Sunday, August 16, 2009

How to Identify Antiques

Here are 6 helpful tips I found and wanted to share

Ask yourself where the item came from. Was it passed down in your family from generation to generation? Then it might be antique--although not always necessarily so. Maybe you found the item in a flea market or estate auction. Antiques are stumbled upon in all these situations but remember, just because an item is old does not mean it is always an antique

Make a small investment in magazines and books about antiques. Publications about identifying antiques are very helpful. They offer advice and information on the latest "popular" fads in antiques and how to tell if something is real or a fake copy. If you'd rather not purchase your own copies, libraries and the Internet offer invaluable free tips and advice about antiques and authenticity of such items

Step 3
Look for the item's manufacturer. Some items will have an identifying mark used by a manufacturer somewhere on the item. Usually it is on the underside of the piece. If it was produced by a company--it may bear a stamp or indentation--pressed into the item by a piece of machinery or stamping equipment. If it is a handmade piece, for example, a piece of pottery, then it may be hand-signed or have identifying marks such as the creators name, year or sometimes a tiny copyrighting symbol or date.

Step 4
Research the general decade you think the item came from. For example, Roll top desks, often found to be antiques now, were made in general in the 1940's and 1950's.

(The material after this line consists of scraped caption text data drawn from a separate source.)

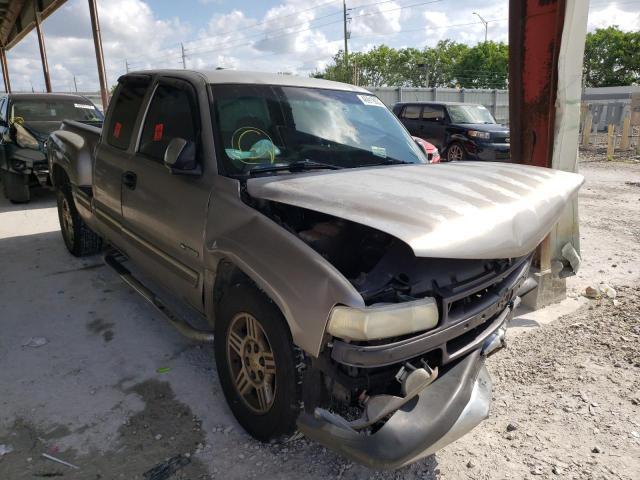 CHEVROLET SILVERADO 2000 with VIN 2GCEC19T4Y1384963 - Photo from auction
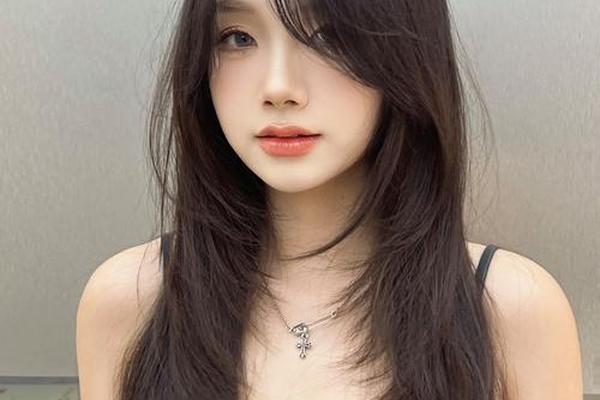 八字刘海图片女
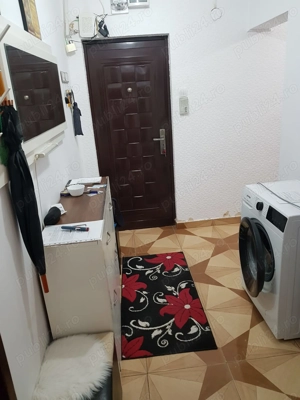 Dau in chirie urgent apartament 2cam zona rogerius etj 4,str Coposu - imagine 6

By researching that time frame you can discover information that could tell you if a particular desk you might own is a valuable original antique or a more recent copy of the real thing.

Step 5
Be aware that antiques are generally judged by two main criteria, the period of time when made and the materials it was made from. Certain kinds of cloth, wood or glazing techniques were only available in a limited time frame. If you have something that looks old, or even has marks identifying it as antique, it may still only be a copy if it is made out of the wrong material for the decade it is supposedly from. You might still have a collectible item, but it won't be considered an antique.

Step 6
Valuable antiques or junk? Visit a reputable appraiser. You've done some research in identifying your item but are still not 100 percent sure of the value and authenticity of your item. It is time to visit an appraiser. An experienced appraiser has a highly critical eye and is very experienced at weeding out "fake " antiques. They can tell you if you do indeed possess a valuable antique collectible or just an interesting worthless item. Never underestimate the importance of having your item appraised because some things that people mistake for junk sometimes have been discovered to be rare priceless antiques!